Date of this Version



A THESIS Presented to the Faculty of The Graduate College at the University of Nebraska In Partial Fulfillment of Requirements For the Degree of Master of Science, Major: Architectural Engineering, Under the Supervision of Professor Haorong Li. Lincoln, Nebraska: May, 2012

Copyright 2012 Scott Sharp


Energy recovery systems aim to recover waste energy that is normally lost to the environment. Waste energy comes in a variety of forms. Many processes involving building HVAC involves transferring energy from one working fluid to another. Governing codes put strict requirements on ventilation requirements for various occupancy types. Increased ventilation demands more from the HVAC equipment since outdoor air (ventilation air) is being brought into the building and requires tempering in order to retain occupant comfort. The energy required to temper this air increases as ventilation rates increase. Many commercial buildings have implemented exhaust air energy recovery, or runaround loops in order to re-capture the energy in the exhaust air streams.

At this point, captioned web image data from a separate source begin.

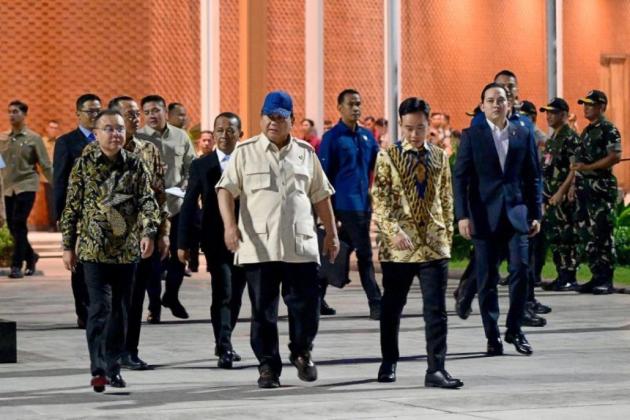 Prabowo Diantar Gibran Bertolak ke Singapura untuk Kunjungan Kenegaraan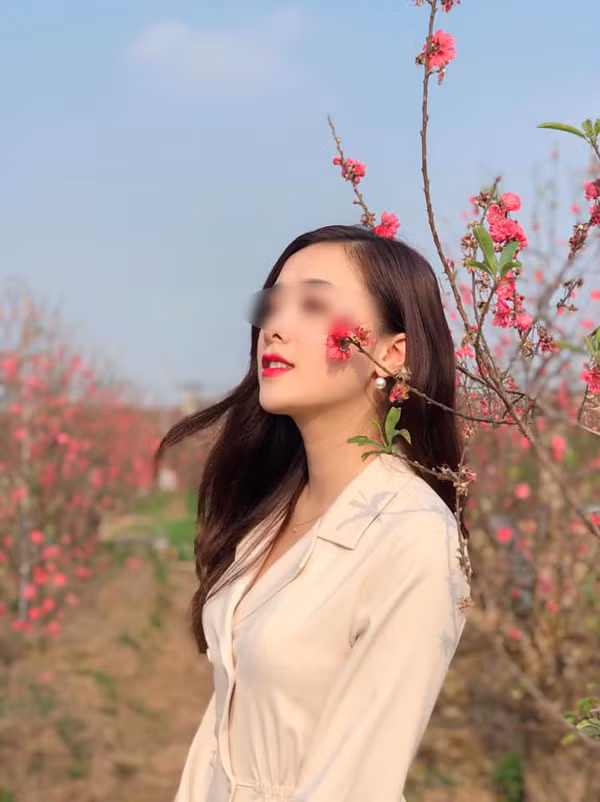 Danh tính của hot girl Đại học Y ngay lập tức được tìm ra sau đó. Thế nhưng cô nàng đã nhanh tay xóa trang cá nhân, sử dụng một tài khoản Facebook mới với cái tên lạ hoắc.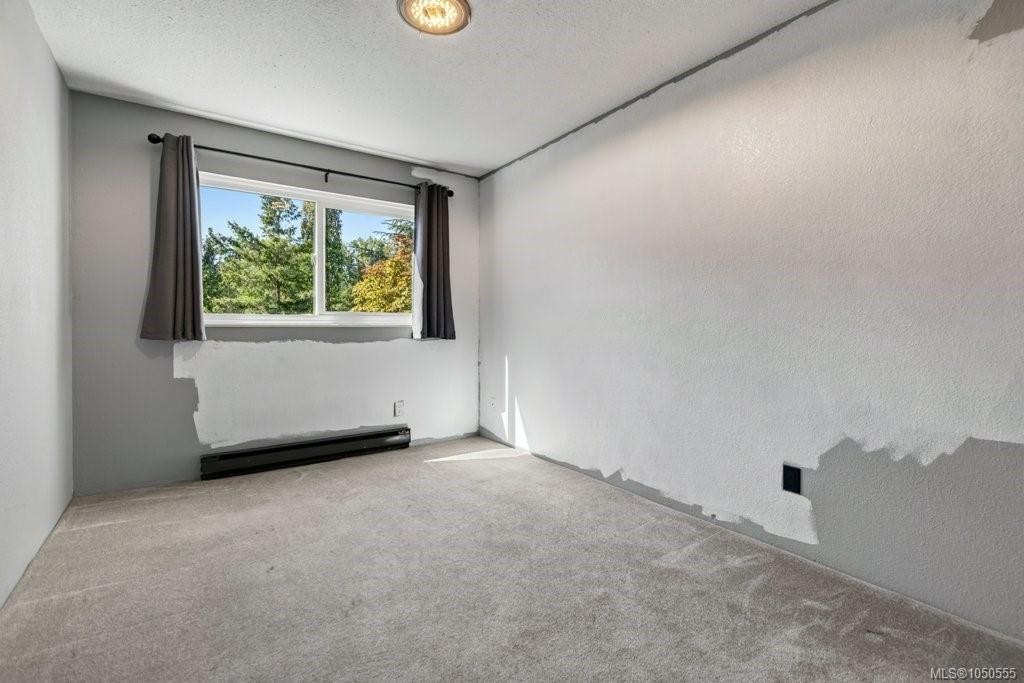 #212-1015 Cumberland Rd, Courtenay, BC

Residential HVAC systems are no different than commercial systems, just less complex typically. There is little being done to recover energy lost in the residential sector. The commercial industry is much further along in energy recovery systems than the residential sector. This is partially due to the lack of interest by home owners. Residential buildings consumed 35% of the total U.S. natural gas consumption in 2008 accounting for more than $90 billion dollars annually. Typical residential furnaces are 80% thermally efficient. The wasted energy is largely found in the combustion products,or flue gasses. By recovering heat from the flue gases, this energy can be reclaimed and put to use.

Having a source for energy recovery is only part of the predicament. A desirable application of the recovered energy is also necessary. Home owners need to see a quick payback as well as an incentive in order to be enticed to make capital investments. Without government aid or tax incentives many individuals lose interest.

This thesis researches using energy recovery from residential gas furnaces to apply reclaimed heat to a radiant driveway heating system. The incentive for this application is the not only a maintenance free driveway in the winter, but reduced costs for snow removal.